( ESNUG 395 Item 8 ) --------------------------------------------- [06/26/02]
Subject: ( ESNUG 393 #2 ) 12% On-Chip Timing Variations & IBM's EinsTimer
> Our current ASIC vendor, IBM, is having us do timing analysis with an
> on-chip variation of 12%, applied to both cell delays and
> interconnect delays.
>
> This makes certain kinds of timing very difficult to pass. For example,
> using a PLL to zero out a 5 ns insertion delay requires a 5ns feedback
> path. But 12% variation between the two is 600 ps, which is a big chunk
> of time these days. Source-synchronous interfaces have similar problems.
>
> How realistic is this sort of thing? Has anyone done a paper on this?
>
> - Paul Zimmer
> Cisco Systems
From: Hank Walker <walker@cs.tamu.edu>
Hi, John,
There have been academic and industry papers published on intra-die
process variation. The majority is deterministic, due to stepper field
gradients, pattern density sensitivity and OPC imperfections. But
there is also a significant random component. The deterministic
variation in ILD thickness can be +/- 30% in 180 nm aluminum. I have
seen industrial data showing variation in flush delays, ring oscillator
delays, Fmax, etc., of neighboring chips that can easily be 10%, so
this implies that much of it is random intradie variation. The experts
at this are microprocessor clock tree designers. You might look for
papers by Sani Nassif (of IBM Austin) in IEEE conference proceedings,
or papers on "statistical design" or "parametric yield optimization".
So the vendor wants this type of timing to guarantee high parametric
yield for a single-bin part pushing the limits. They could not require
this, but then they would take a yield hit and just make it up with
higher wafer costs to you.
In summary, the highest performance designs have been using such
approaches since 250 nm, and it is now starting to show up in ASICs.

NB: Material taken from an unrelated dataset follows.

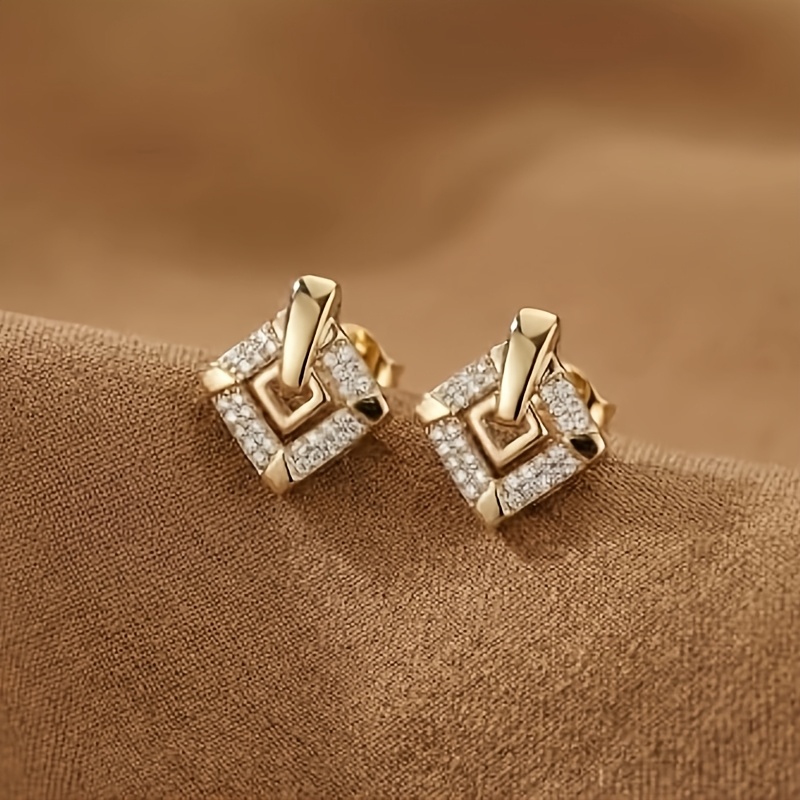 Women's Elegant Double-Layer Geometric Earrings with Cubic Zirconia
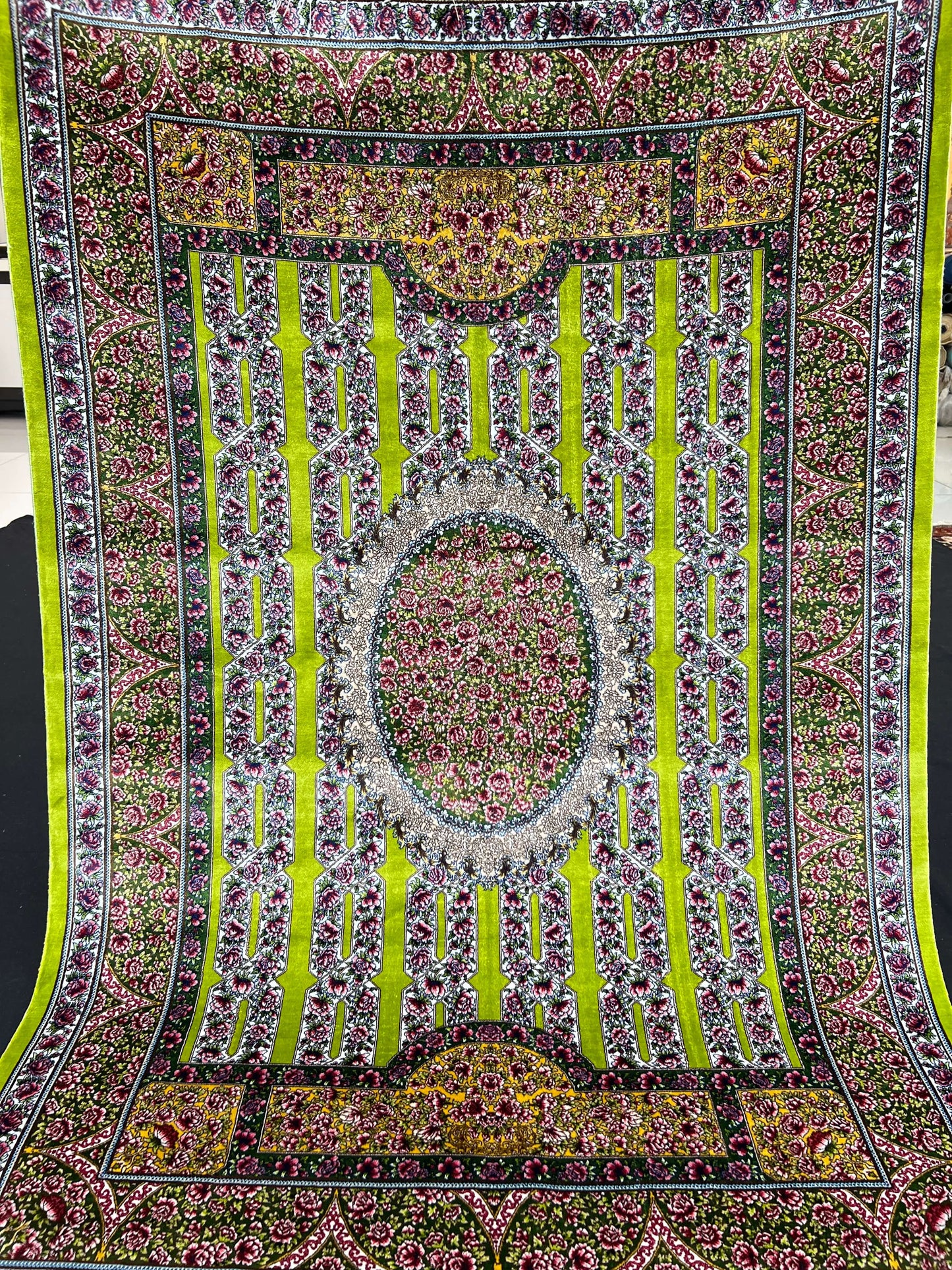 Chartreuse Floral Silk Area Rug Carpet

Unfortunately the tools to support statistical design are complete
losers, except for analog circuits. But there is a fair amount of
university research, so hopefully the situation will improve.
- Hank Walker
Texas A&M University College Station, TX
---- ---- ---- ---- ---- ---- ----
From: Srinivas Kakumanu <kakumanu@time2mkt.com>
Hi John
We always use a four corner case timing closure to tape out our chips.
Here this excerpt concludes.